Si piensas en un bambú, ¿cómo te lo imaginas? Se trata de una planta aparentemente frágil, que se dobla ante las tormentas. Sin embargo, no llega a romperse. Y esto es la resiliencia: la capacidad para adaptarse y superar las situaciones más complicadas de la vida, que nos hacen tambalear.
Porque el bambú, después de la tormenta, vuelve a enderezarse, demostrando su capacidad para adaptarse y persistir. De forma similar, las personas resilientes son capaces de enfrentar las dificultades, flexionarse bajo presión y seguir adelante sin romperse.
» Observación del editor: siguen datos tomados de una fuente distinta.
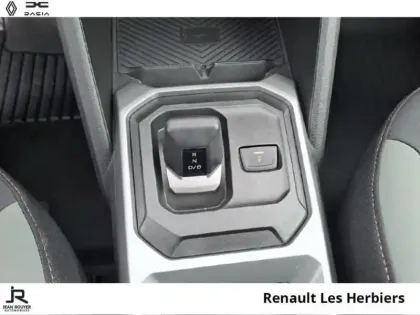 Photo 5 Dacia Duster  1.6 hybrid 140ch Extreme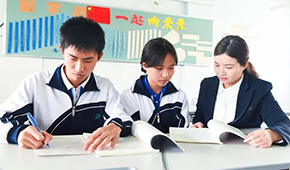 深圳市展華實(shí)驗(yàn)學(xué)校教學(xué)怎樣？有什么特色？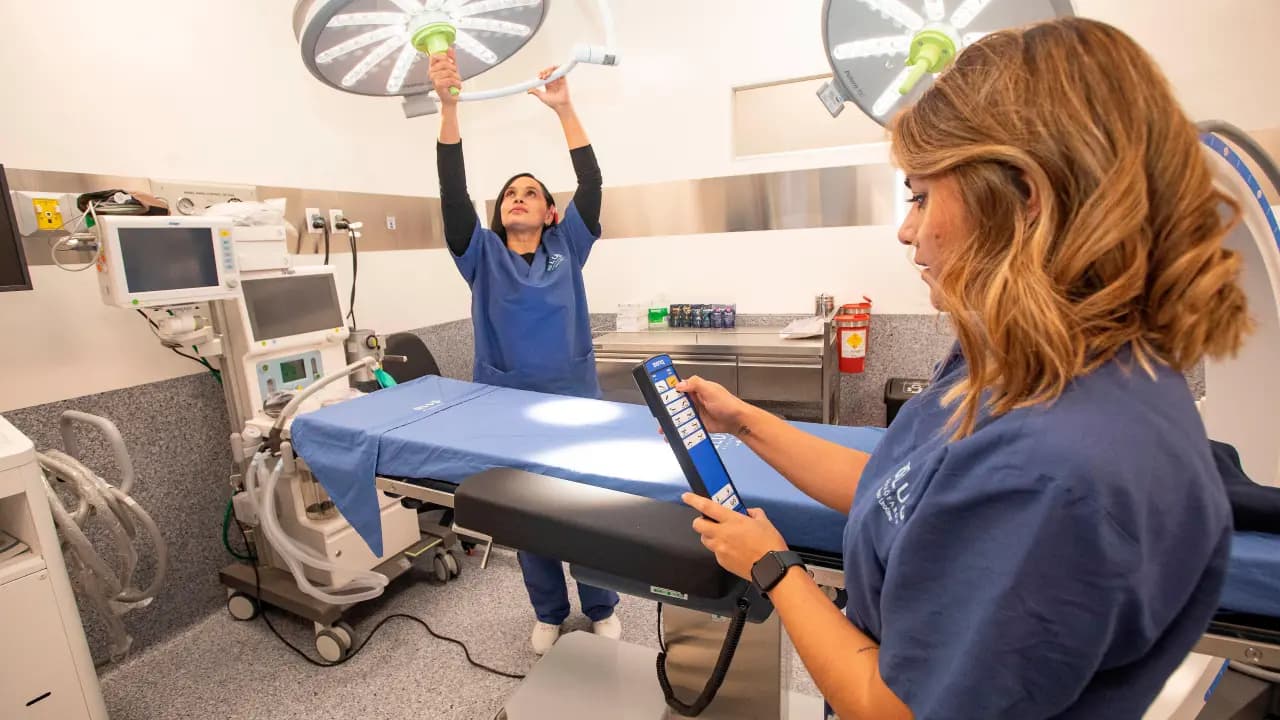Personal de salud prepara un quirófano en una torre médica de Medellín
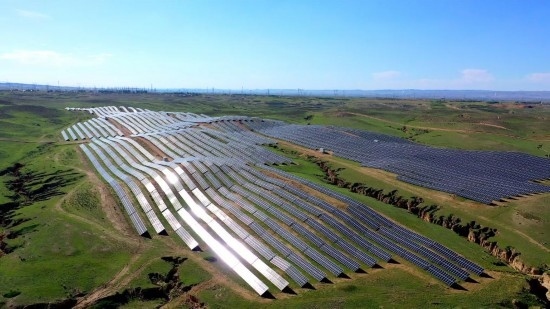 紅寺堡區(qū)發(fā)展光伏產(chǎn)業(yè)。新華社發(fā)（康國慶 攝）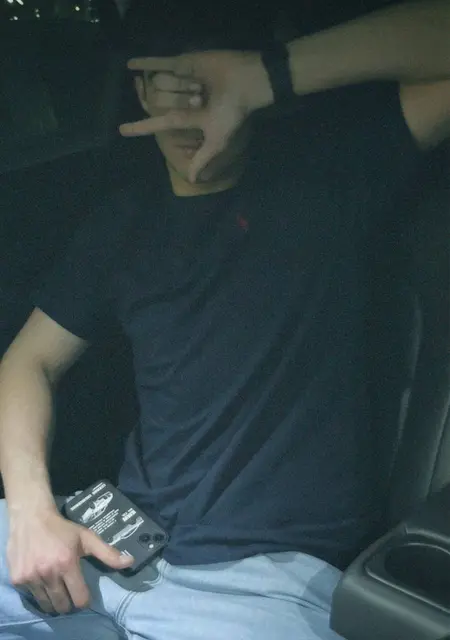 Я Rrrr, 18, из Томска, ищу знакомства без обязательств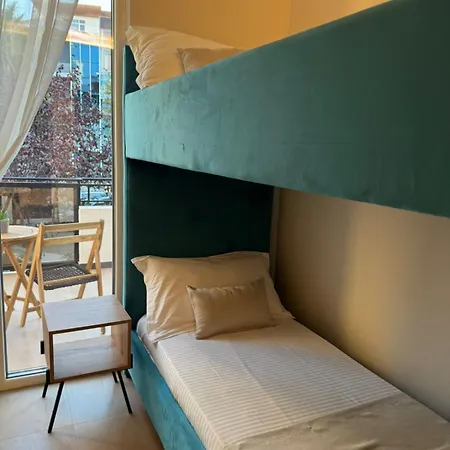 La Hotel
Aprenden y crecen a partir de las experiencias difíciles, y gracias a ser conscientes de su fragilidad, pueden conectar con su fortaleza. Pero no solo los adultos somos resilientes; los niños, también. Y estos cinco hábitos son los que demuestran resiliencia emocional en los niños.
1) Saben darle la vuelta a las situaciones difíciles
Los niños emocionalmente resilientes tienen la capacidad de ver las situaciones difíciles con flexibilidad, desde diferentes perspectivas, y a veces incluso, de encontrar soluciones creativas (el denominado pensamiento lateral).
En lugar de quedarse atrapados en la negatividad, tienen este punto de optimismo que les hace buscar activamente el lado positivo de las cosas. Gracias a ello, encuentran formas de adaptarse a las circunstancias.
Por ejemplo, si un niño no puede ir al parque porque llueve, en lugar de frustrarse, podría proponer jugar a juegos de mesa en casa o hacer manualidades en el salón (lógicamente, este es un "problema sencillo", pero podría aplicarse a dificultades más complejas).
2) Son agradecidos con lo que tienen
Los niños resilientes suelen ser agradecidos con las cosas simples de la vida, como la comida en la mesa, la familia o el sol calentito en la cara. Esto no significa que lo sean todo el tiempo, pero sí son capaces de valorar todo esto, al menos en un momento dado, precisamente porque son conscientes de lo que significa pasarlo mal o no tenerlo todo.
Y es que la resiliencia también se construye a través de valorar estas pequeñas cosas del día a día, porque es una manera de ver que, a pesar de las preocupaciones, hay cosas que siguen funcionando, por las que debemos estar agradecidos.
3) Reflexionan sobre las adversidades de la vida
Otro hábito de los niños resilientes es su capacidad de reflexión. Así, reflexionan sobre las adversidades de la vida porque esta reflexión les permite aprender y crecer a partir de esas experiencias difíciles.
Al reflexionar sobre lo que han enfrentado, los niños pueden entender mejor cómo han respondido a las situaciones difíciles, qué han aprendido de ellas y cómo pueden mejorar en el futuro.
Esta reflexión les ayuda a percibir las adversidades como oportunidades para aprender y fortalecerse en lugar de como obstáculos insuperables. Además, les permite procesar emocionalmente lo que han vivido, identificar las emociones asociadas con esas experiencias y aprender a gestionarlas de forma sana.
4) Gestionan sus emociones, no las reprimen
Otra característica de estos niños es que son capaces de reconocer y expresar sus emociones. En lugar de reprimir o ignorar sus sentimientos, aprenden a identificarlos y a afrontarlos de manera constructiva, y de hecho, este procesamiento de las emociones, y el hecho de estar conectados a ellas, es lo que les ayuda a desarrollar su resiliencia.
Porque saben cómo se sienten y entienden cómo las experiencias, también difíciles o dolorosas, les obligan a adaptarse, impactan en esas emociones y les cambian.
5) Son capaces de resolver sus problemas o de pedir ayuda cuando la necesitan
La resiliencia también tiene que ver con ser proactivos, con tener iniciativa y con "hacer algo con lo que nos ocurre", transformándolo. Por ello, los niños emocionalmente resilientes tienen la confianza para enfrentar los problemas y buscar soluciones.
Son autónomos y tratan de resolver sus propios problemas cuando sea posible, pero también son capaces de pedir ayuda cuando la necesitan. Y de hecho, ese "poder pedir ayuda", también demuestra autonomía y fortaleza interior.